Later in life, Atget sold prints to young artists in Paris; of these was Berenice Abbott, working with Man Ray in 1925; she become one of his greatest champions. Atget died in 1927 and his work was divided into historical records of Paris (2000 prints) given to the French government, and the rest, sold to Abbott. In 1968, these images (1415 glass negatives and over 8000 vintage prints from more than 4000 negatives) were purchased by the Museum of Modern Art. Its Director of Photography was John Szarkowski.

Atget’s work, Szarkowski argues, had “phenomenal influence” on American photographers, including Alfred Stieglitz, Ansel Adams, Walker Evans, and Paul Strand. During Szarkowski’s tenure at MoMA, Atget’s work was featured in five major exhibitions: Atget (1969–70), The Work of Atget: Old France (1981-82), The Work of Atget: The Art of Old Paris (1982–83), and The Work of Atget: The Ancien Regime, and The Work of Atget: Modern Times (simultaneously, in 1985). More recently, MoMA exhibited his work again in Eugène Atget: “Documents pour artistes” (2012). This interest might seem remarkable to Atget, for in his day “he founded no movement and attracted no circle” (Szarkowski’s Looking at Photographs, page 64).

On to Atget’s photographs. Why the modernist label? “One of the great changes that modernism brought…” Szarkowski continues, “was the radical expansion of the raw material out of which art could be made.” Atget might have resisted the ‘artist’ label, but the description fits; his photographs are of everyday scenes and ordinary people. For thirty years, he carted around his bulky obsolete view camera, cataloging ordinary Paris with an extraordinary eye.

Here are five of his thousands of photographs, in chronological order:

Atget Organ grinder 1898
Organ Grinder, 1898

Organ Grinder is unusual for Atget’s style. Normally, his photographs don’t include people. If they do, it is not usually an expression of emotion.

Atget Versailles Vase, 1905
Versailles Vase. 1905

Versailles Vase is featured in Szarkowki’s book Looking at Photographs, published 1973. It shows Atget’s “almost infallible sense of where to stand, from what vantage point and distance, what to include, and what to exclude” (Szarkowski in Speaking of Art).

Atget Eclipse, 1911
Eclipse, 1911

Eclipse was used on the cover of the 1926  ‘La Révolution surréaliste’, the chief publication of the Surrealist movement in Paris. Atget let them use his photograph, but not his name.

Villa d'un chiffonnier, 1912

A chiffonnier is a rag-picker. What I love most about this picture is the goats on the roof.

Atfet Rue de la Mantagne-Sainte-Genevieve, 1924
Rue de la Mantagne-Sainte-Genevieve, 1924

Rue de la Montagne-Sainte-Geneviève is one of Atget’s later works. His early works were often taken in full sun to capture the details. This picture captures the soft early morning light, becoming an experience as well as a document.

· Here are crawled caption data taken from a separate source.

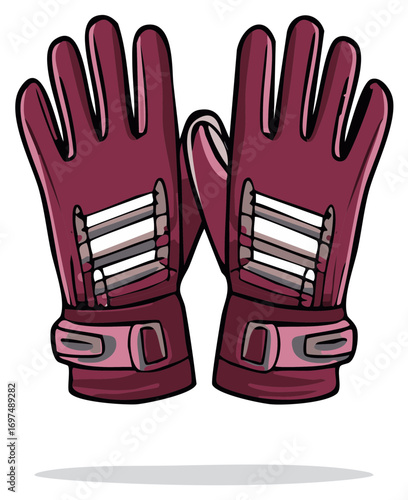 Pair of maroon athletic gloves with protective padding and adjustable straps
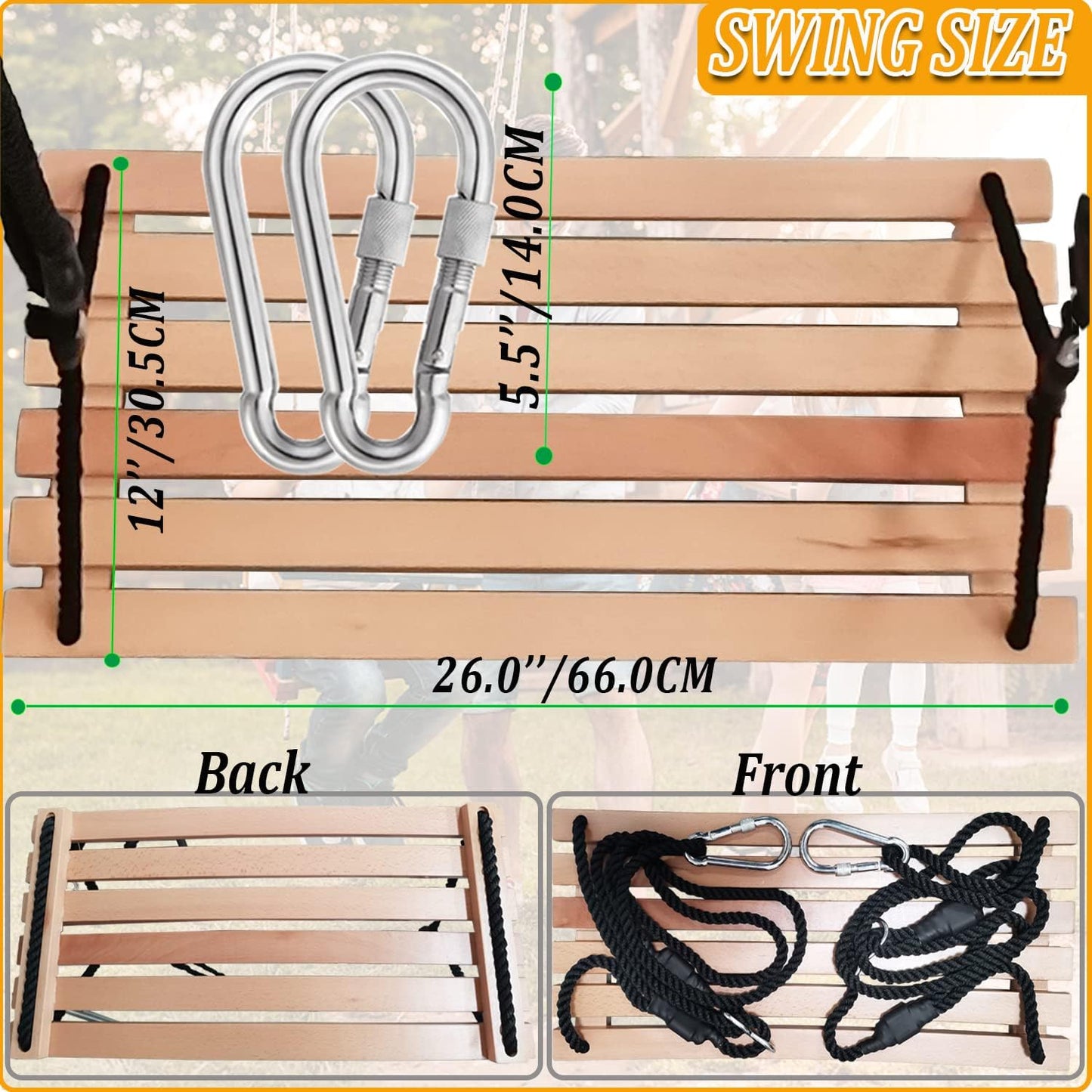 Taeku Adult Tree Swing, Hanging Beech Wood Swings with Adjustable Rope Garden Chair Seat Swing for Indoor Outdoor (26''x12'')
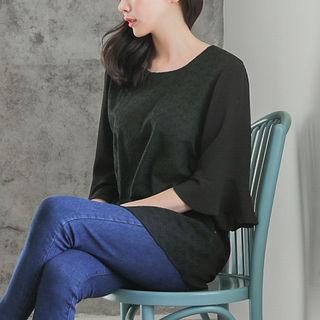 Ruffle-sleeve Eyelet-lace Top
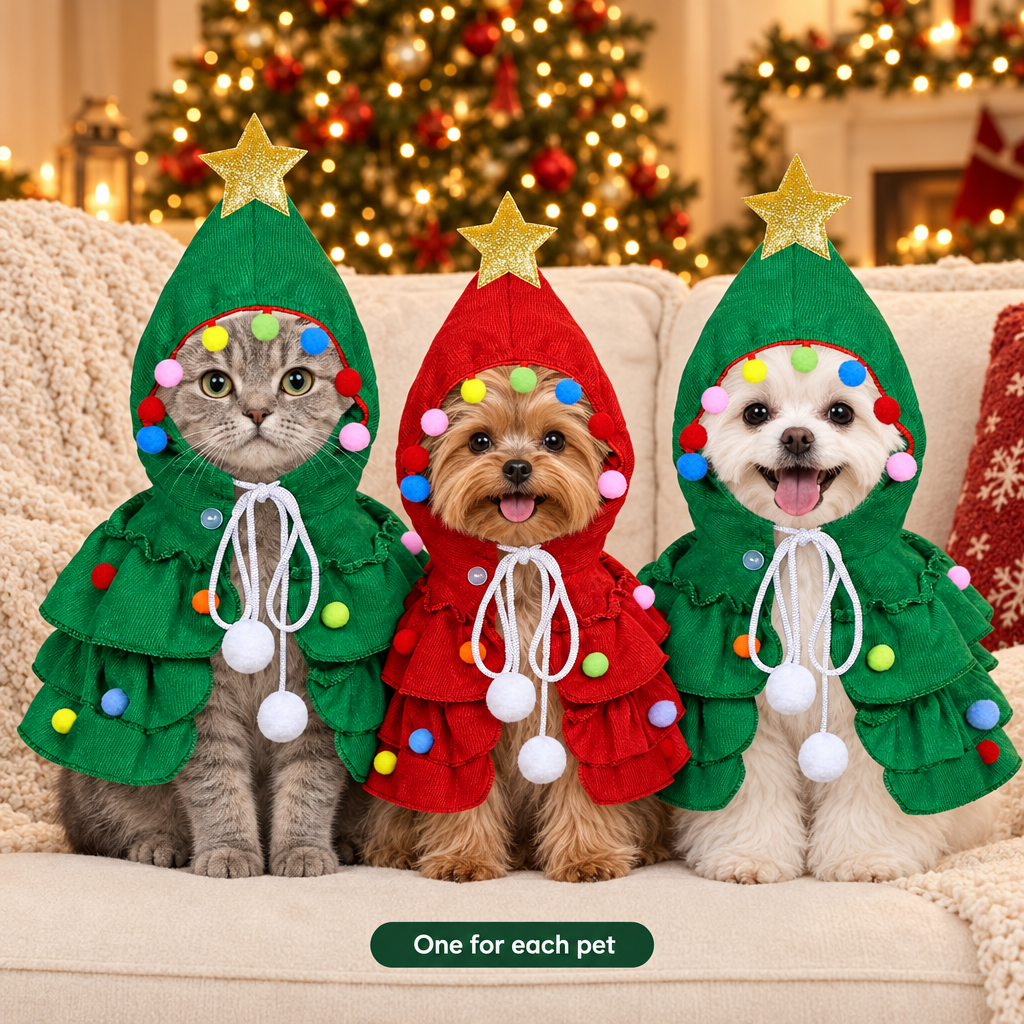 Three pets in matching Christmas tree costumes, one for each pet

Atget’s photographs are nostalgic, sometimes lonely: a study of the encroachment of time. From Atget, I have learned the appeal of the ordinary. I have also learned that you don’t control your narrative, even if you try. Did Szarkowski transform Atget into something he was not? Would Atget have approved this interpretation?  Most people absorb the ideation of their age and don’t expect to remembered long after they’re gone. Was he postmodern? Atget documented, and we impose what we will.  Whether he minds or not, we will never know.